- Task to complete
Copy out the data word for word, without any of its pictures.

(Beginning of Supplied data)

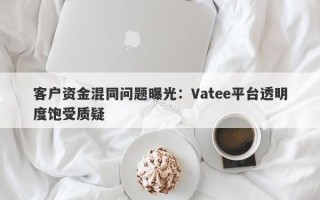 客户资金混同问题曝光：Vatee平台透明度饱受质疑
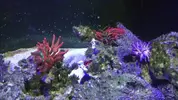 [TodoMarino.com] Taller - Solo Anemonas ... todo lo que siempre has querido saber...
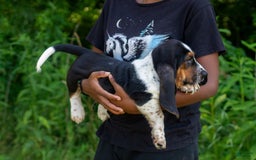 Basset Hound dogs for sale: Jasper - Image 6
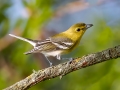 Yellow-throated Vireo - Land Between the Lakes, Gray's Landing, Stewart County, Sept 25, 2021v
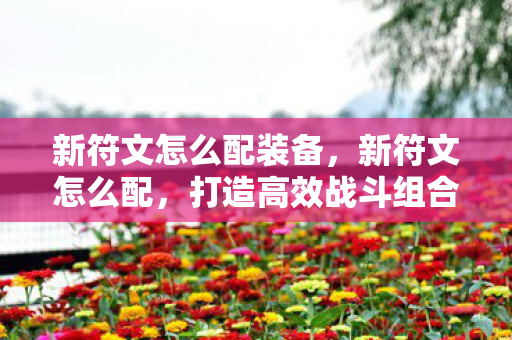新符文怎么配装备，新符文怎么配，打造高效战斗组合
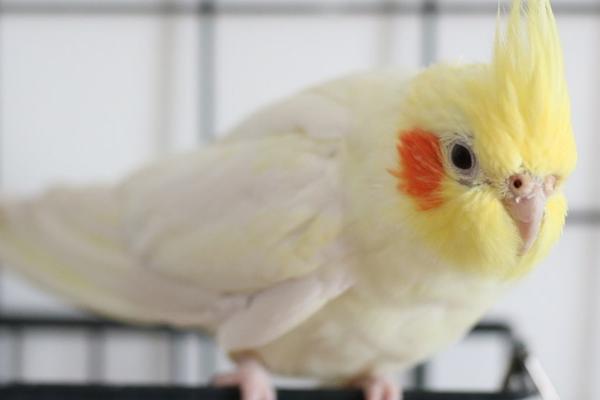 玄凤鹦鹉不进窝的原因和解决办法，可能是窝比较小或不透气导致的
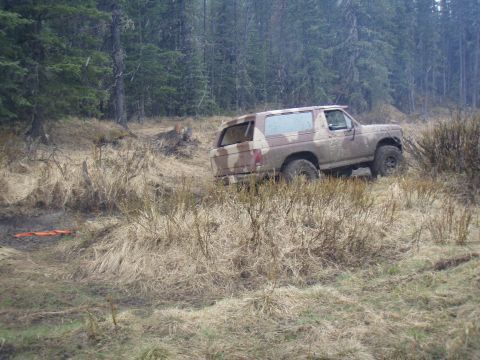 1985 Ford Bronco - A 1985 Ford Bronco navigates a challenging off-road terrain covered in mud and dry grass.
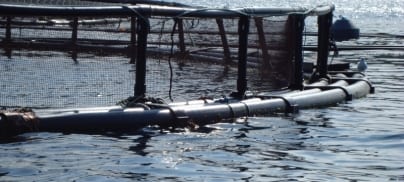 Press release: 310k tonnes of wild fish a year will be needed to feed Scottish salmon industry’s ambitions to double in size by 2030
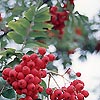 Sorbus Aucuparia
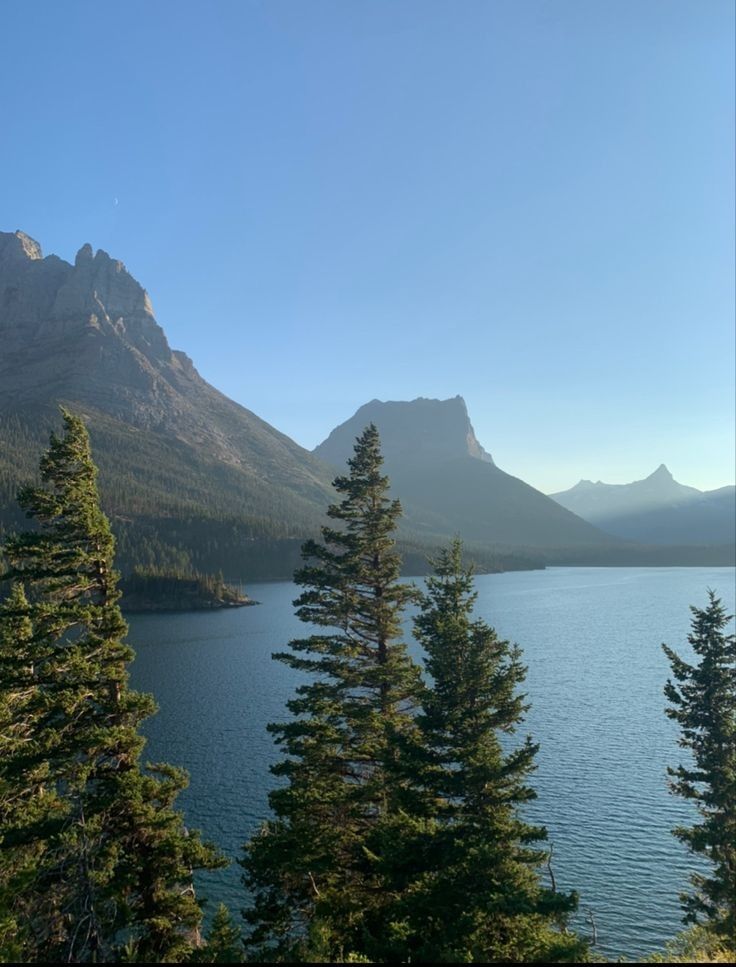Nature On Earth tweet media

(End of Supplied data)

- Exercise result
 客户资金混同问题曝光：Vatee平台透明度饱受质疑
 [TodoMarino.com] Taller - Solo Anemonas ... todo lo que siempre has querido saber...
 Basset Hound dogs for sale: Jasper - Image 6
 Yellow-throated Vireo - Land Between the Lakes, Gray's Landing, Stewart County, Sept 25, 2021v
新符文怎么配装备，新符文怎么配，打造高效战斗组合
 玄凤鹦鹉不进窝的原因和解决办法，可能是窝比较小或不透气导致的
 1985 Ford Bronco - A 1985 Ford Bronco navigates a challenging off-road terrain covered in mud and dry grass.
 Press release: 310k tonnes of wild fish a year will be needed to feed Scottish salmon industry’s ambitions to double in size by 2030
 Sorbus Aucuparia
Nature On Earth tweet media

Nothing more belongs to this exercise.